• **What you have to do**
From the very first line down to the line containing "tiled bedroom featuring", write out the material exactly as it appears, and no more.

• **Dataset records**
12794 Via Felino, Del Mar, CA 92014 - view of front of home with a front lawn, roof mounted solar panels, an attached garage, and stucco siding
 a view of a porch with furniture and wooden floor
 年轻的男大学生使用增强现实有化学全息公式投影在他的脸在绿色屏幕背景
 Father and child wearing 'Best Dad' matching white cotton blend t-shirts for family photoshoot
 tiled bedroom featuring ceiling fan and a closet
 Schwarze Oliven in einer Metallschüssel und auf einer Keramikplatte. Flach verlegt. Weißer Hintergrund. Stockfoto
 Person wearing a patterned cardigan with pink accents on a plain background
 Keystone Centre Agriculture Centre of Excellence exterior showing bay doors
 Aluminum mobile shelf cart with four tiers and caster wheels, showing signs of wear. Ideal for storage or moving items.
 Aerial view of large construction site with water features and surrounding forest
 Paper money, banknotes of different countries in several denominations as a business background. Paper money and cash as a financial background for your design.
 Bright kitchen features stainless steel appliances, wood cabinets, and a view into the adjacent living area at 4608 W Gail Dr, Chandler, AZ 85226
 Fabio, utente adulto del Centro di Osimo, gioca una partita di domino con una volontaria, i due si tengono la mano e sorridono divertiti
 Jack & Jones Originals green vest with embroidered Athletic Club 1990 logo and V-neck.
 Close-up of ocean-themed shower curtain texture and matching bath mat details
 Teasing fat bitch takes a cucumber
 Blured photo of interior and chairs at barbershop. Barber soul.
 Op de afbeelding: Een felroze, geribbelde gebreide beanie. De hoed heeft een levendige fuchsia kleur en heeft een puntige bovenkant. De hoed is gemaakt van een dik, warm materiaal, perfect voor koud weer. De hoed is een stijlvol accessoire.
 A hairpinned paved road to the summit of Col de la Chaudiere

• **Output of the exercise**
12794 Via Felino, Del Mar, CA 92014 - view of front of home with a front lawn, roof mounted solar panels, an attached garage, and stucco siding
 a view of a porch with furniture and wooden floor
 年轻的男大学生使用增强现实有化学全息公式投影在他的脸在绿色屏幕背景
 Father and child wearing 'Best Dad' matching white cotton blend t-shirts for family photoshoot
 tiled bedroom featuring ceiling fan and a closet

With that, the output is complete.